Though it may sound pretty simple on first reading the concepts
are not that simple once you go deeper. To begin with, there are
numerous types of investments which are grouped together under one
main category of investment. Not every one is suited for any type
of investment as your own personal financial goal and your own
risk tolerance level will play a critical role in determining
which of the options will work best for you.
There is quite a bit to learn about each of these investment
types. For instance, the stock market can be very frightening for
someone who is clueless about how it operates and what happens
there. Luckily, the amount of knowledge you require is directly
related to the type of investor you are likely to be. Investors
again can be of three types: conservative, moderate, and
aggressive. The type of investment plans they opt for is directly
related to the type of investor he or she is. The risk tolerance
level of an individual divides the investment market into two sub
categories: high and low risk.
Interest bearing savings accounts, money market accounts, mutual
funds, US Treasury bills, and Certificates of Deposit, are various
types of investment options where conservative investors invest
with cash. These are considered extremely safe and low risk
investments where your money grows over a long period of time.
Investors, who fall in the moderate risk taking category, invest
with cash and bonds and play with stock market options once in a
while.

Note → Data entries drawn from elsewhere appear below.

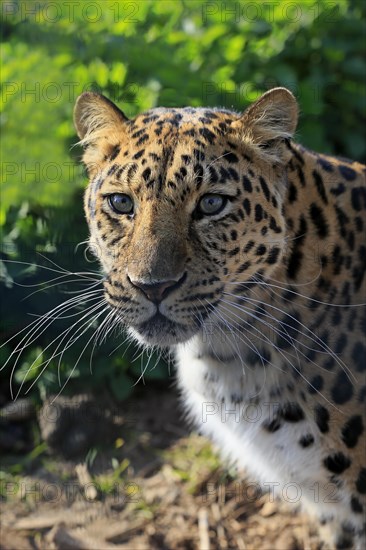 Amur leopard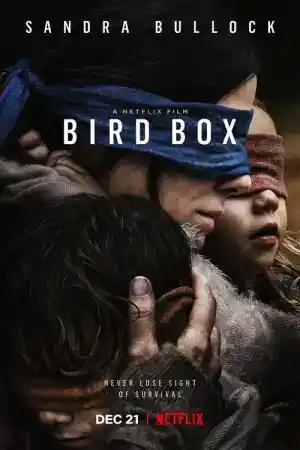 Bird Box постер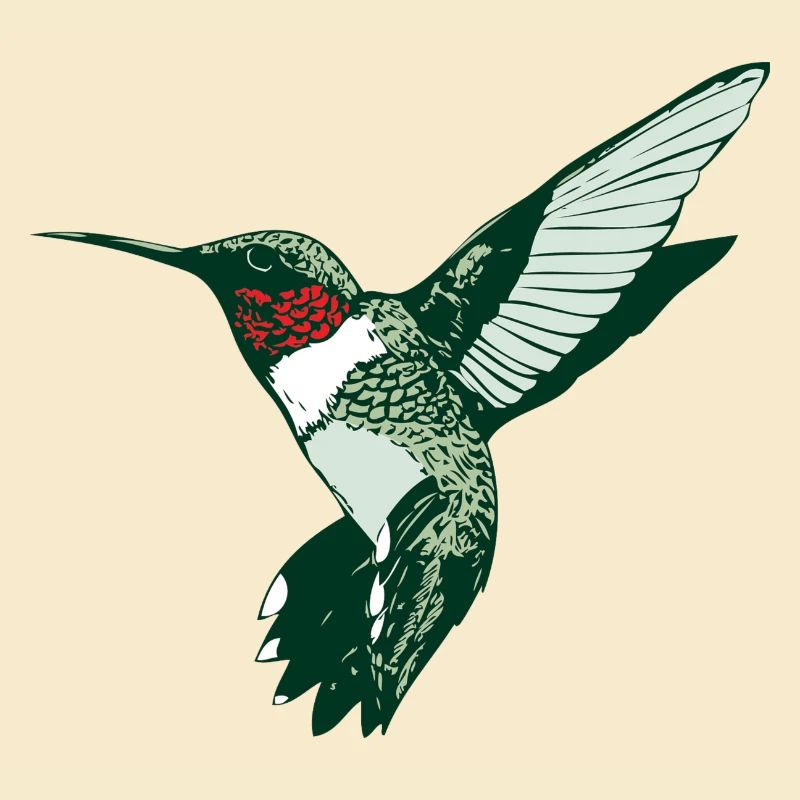 humming-bird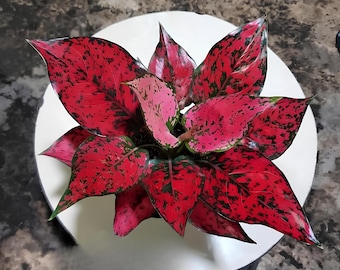 Aglaonema Komkom Magenta Perfect Condition, Unique Leaves of Aglaonema Live Plants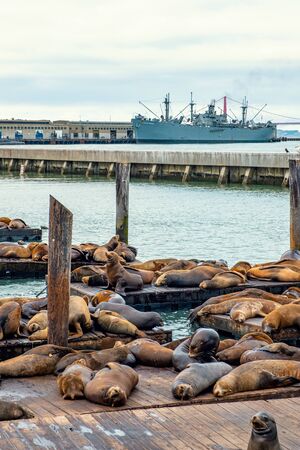 Sea Lions at the Pier 39 of San Franciscoの写真素材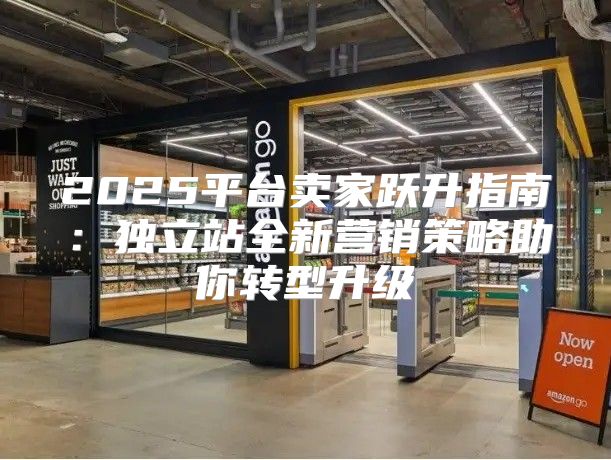 2025平台卖家跃升指南：独立站全新营销策略助你转型升级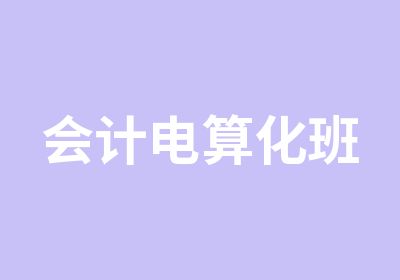 会计电算化班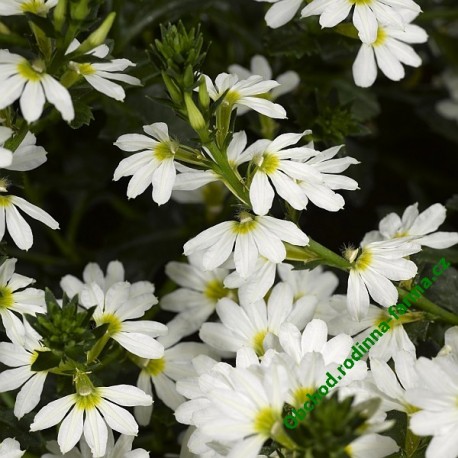 Scaevola Whirlwind Early Compact White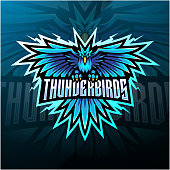 Illustration of  Thunder birds esport mascot logo design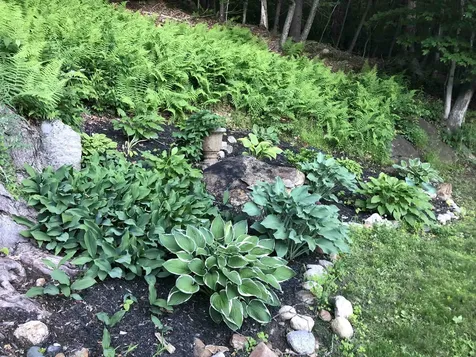 41 Depot Pond Road Milton NH 03851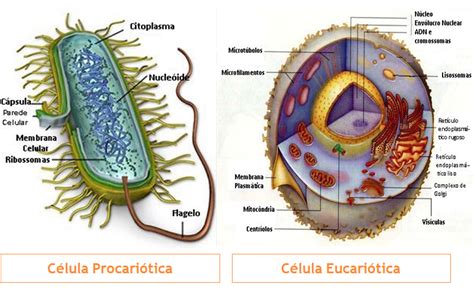 Célula Eucariótica E Procariótica - Manipulação Genética Humana: Célula Procariótica vs Célula Eucariótica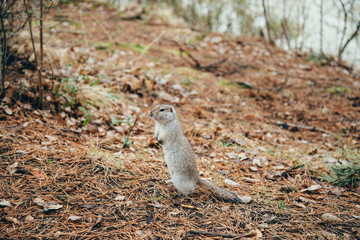 Small furry gopher stands on its hind paws in forest among fallen leaves in autumn. Little brave spermophilus citellus poses on forest trail.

These people take low to moderate risks. You will find lot
of moderate risk takers investing in real estate; provide they are
low risk properties.
One of the investment options which involve higher risk is the
stock market, where you will find aggressive investors’
investments. Aggressive investors also invest in high-risk real
estates and other business ventures. Imagine an aggressive
investor buying an old property and then investing further money
for expensive renovation. He is therefore taking a big risk. He is
expecting to rent the apartment at a higher value than the
investment or even sell it at a whopping profit. While it may work
out perfectly well according to plan, sometimes it boomerangs or
fails. It is just an example of a high-risk investment plan.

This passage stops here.